═════ DATA FOR PROCESSING ═════

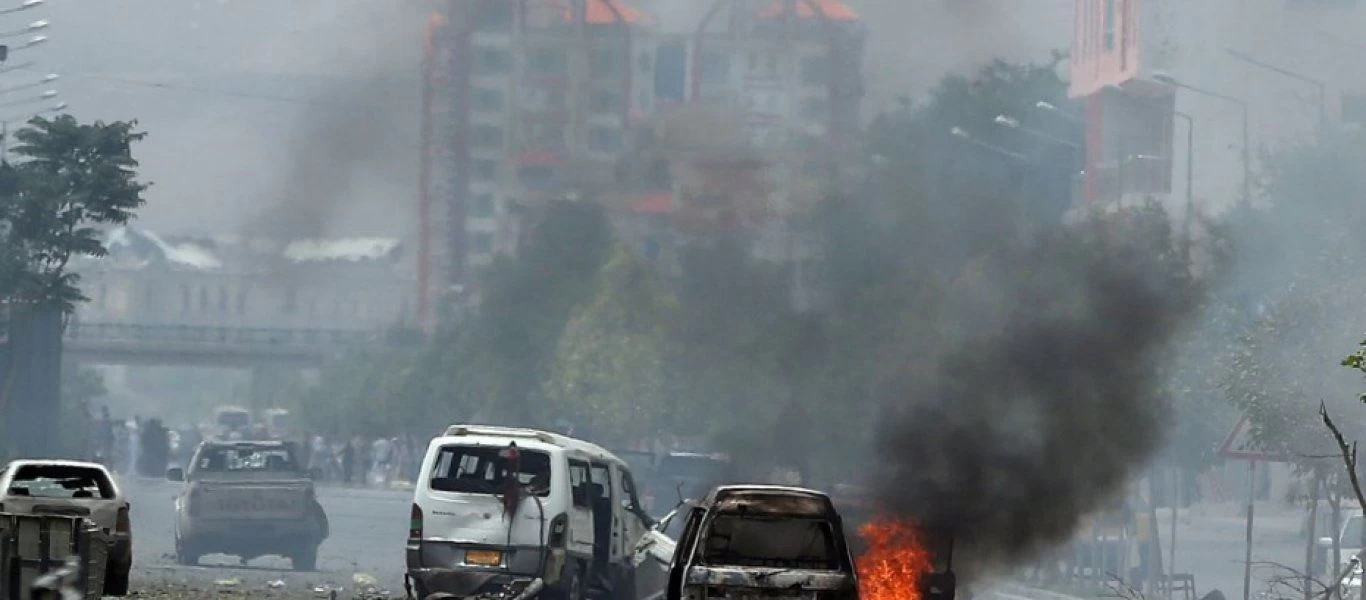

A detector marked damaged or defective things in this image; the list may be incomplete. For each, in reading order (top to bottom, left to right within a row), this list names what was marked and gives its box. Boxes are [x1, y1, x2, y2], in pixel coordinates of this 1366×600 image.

damaged vehicle [0, 460, 133, 596]
damaged vehicle [170, 438, 330, 568]
damaged vehicle [406, 424, 652, 600]
damaged vehicle [664, 486, 856, 600]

═════

*WHAT IS BEING ASKED*.
Pictures excluded, set down all the entries exactly.

*SOLUTION TO THE PROBLEM*.
A detector marked damaged or defective things in this image; the list may be incomplete. For each, in reading order (top to bottom, left to right within a row), this list names what was marked and gives its box. Boxes are [x1, y1, x2, y2], in pixel coordinates of this 1366×600 image.

damaged vehicle [0, 460, 133, 596]
damaged vehicle [170, 438, 330, 568]
damaged vehicle [406, 424, 652, 600]
damaged vehicle [664, 486, 856, 600]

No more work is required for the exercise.